For starters, it’s long been documented that demand for housing in Austin — as well as other booming cities — is strong and supply is short. Growing households that require more bedrooms are particularly hard pressed when faced with a conventional apartment model.
Three-bedroom apartments, for instance, represent the smallest fraction of units within complexes and lease for the highest price per square foot. Many apartment complexes don’t even offer three-bedroom units, and moving forward most developers are focusing attention on smaller units.
Squeezed out of existing apartments, many households have been unable to save for a house down payment, usually about 20 percent. Rapidly escalating home values add to the challenge. It’s this perfect economic storm that led to the build-to-rent concept, first gaining traction in Southern California where housing prices are also ungodly.
Mark Wolf, a former director with national brokerage and capital markets firm HFF, recognized the need for more leased housing in the aftermath of the 2008 subprime mortgage meltdown in 2008 when loan underwriting became super strict.
Wolf formed AHV Communities, which built whole single family neighborhoods for lease. Many doubted the wisdom of this model, but AHV has growing rapidly and attracted national attention. It has a community in Pflugerville and several others across Texas.
Another hint of this sector’s viability rests with the strategies of big institutional money. Divisions of The Blackstone Group and Starwood Capital Group, for instance, have invested millions buying individual single family homes in major markets, particularly those hard hit by the Great Recession. Critical mass — acquiring many homes in a given city — is key.
Amherst Holdings, a quiet Austin-based investment banking and asset management firm, operates a large division in the single family rental sector — owning, leasing and managing thousands of homes across the nation. This must work, right?
Still, the concept was a tough sell for Lonestar Development in its initial attempts to raise start-up capital.
“We met a lot of folks and we got a lot of no’s,” Larson said. “But we finally got a breakthrough with Bee Caves Vista.”

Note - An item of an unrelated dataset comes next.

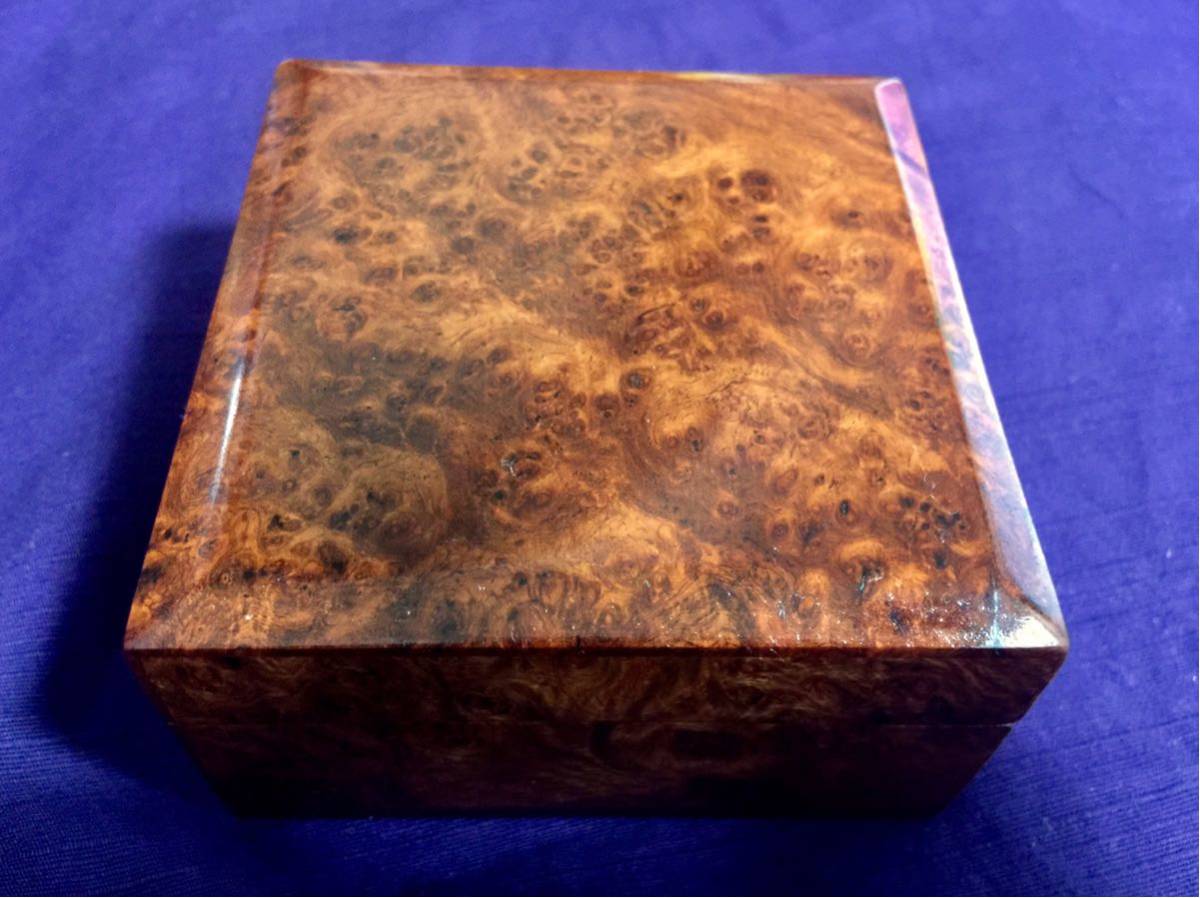 花梨材の小箱／葡萄 瘤 玉杢 唐木 銘木 木工芸(M409) - バール 板材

That project which is 50 percent complete and 100 percent pre-leased is located in far southwest Austin near the “Y” where Texas Highway 71 and U.S. 290 converge. It’s a picturesque and affluent neighborhood with many new homes priced around $500,000 and above.
Assuming a 20 percent downpayment of $100,000 at current interest rates, the monthly payment would be about $2,150. But who has $100,000 saved up to even get in the game?
For about the same monthly payment, Bee Caves Vistas offers a 3-bedroom, 3.5-bath unit that is brand new. Walden Square in Pflugerville units are pre-leased from around $1,900 to $2,100 per month.
Taking the down payment out of the equation is huge for most families.
To help Lonestar acquire the best infill sites and focus energies efficiently, the principals recruited Austin real estate veteran Tom Etheredge, formerly president of Forestar Group’s multifamily division. They’ve also retained former Austin City Councilman Mike Martinez to help navigate city processes.
That has especially come in handy as the team prepares to break ground on The Rail at MLK, a 235-unit transit-oriented apartment project near East 17th Street and Miriam Avenue in the Chestnut Commons neighborhood.
What makes this different from other East Austin apartments, Lonestar principals said, is that most units, rather than a small fraction, will be affordably priced. The company is waiting for a loan with the U.S. Department of Housing and Urban Development, which should close in the next week or two.
It’s a busy time for Lonestar Development and hopefully the beginning of a long and successful enterprise. Rounding out the team is Patrick O’Shaughnessy, director of marketing and communication, who has known Larson for years.